Hieraus ergaben sich die buntscheckigsten und sonderbarsten Bilder bei der
Mobilmachung, und Aufgaben, die an die mit der Mobilmachung der
Feldformationen beauftragten Offiziere ungeheure Anforderungen stellten. An
einigen Orten war außer einem nicht ganz richtigen Mobilmachungsplan
und einer Fülle von begeisterten Reservisten und Freiwilligen nichts
vorhanden; anderswo war das Gerät da, aber es fehlten die Leute. Wieder
an anderer Stelle war alles in schönster Ordnung.

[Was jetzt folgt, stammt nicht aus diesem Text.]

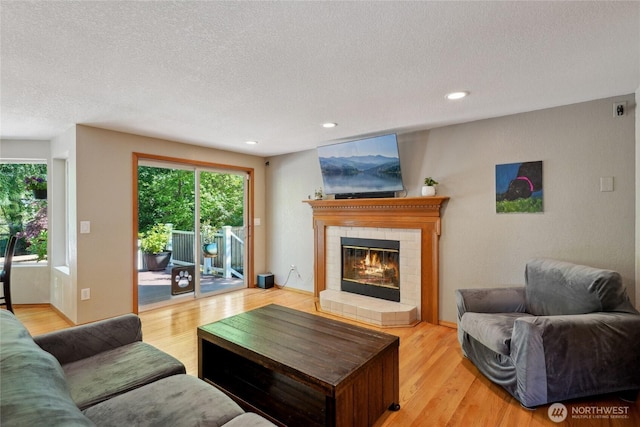 living area with a tiled fireplace, recessed lighting, light wood-type flooring, and a textured ceiling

Kurzum: infolge der besonderen, ungünstigen Umstände herrschten
wesentlich schwierigere Verhältnisse bei den nicht in ihrer
Friedensgarnison mobil werdenden Verbänden.
An Feldformationen der Telegraphentruppe waren vorgesehen:
- bei den aktiven Korps und Reservekorps:
Korpsfernsprech- oder Korps-Telegraphenabteilungen (je nach dem Stande der
Umformung);
- bei einer Anzahl Reservedivisionen mit selbständiger Verwendung:
Reserve-Divisions-Fernsprechabteilungen;
- bei sieben Armee-Oberkommandos: Armee-Telegraphenabteilungen und
Funkerkommandos.
Während die Korps-Fernsprechabteilungen teilweise schon nach neuem
Muster zu einem Kommando und 5 Zügen formiert waren (der Zug zu 4
Bautrupps mit je 1 vierspännigen Fahrzeug, außerdem 1
Vorratswagen mit einer Be- [206] ladung von rund
40 km Feldkabel; beim Kommando der Abteilung außerdem noch 10
Fahrzeuge als Stations-, Lebensmittel- und Futterwagen, Packwagen und
besonderes Stationsgerät) befanden sich die
Armee-Telegraphenabteilungen in einer vorsündflutlichen Gestalt (schwere
alte vierspännige Fahrzeuge, veraltete Kabeltrommeln und Baugerät,
unpraktische Einteilung der Züge zum Leitungsbau, keine Ausstattung mit
blankem Draht und Gerät für den Bau fester Telegraphenleitungen).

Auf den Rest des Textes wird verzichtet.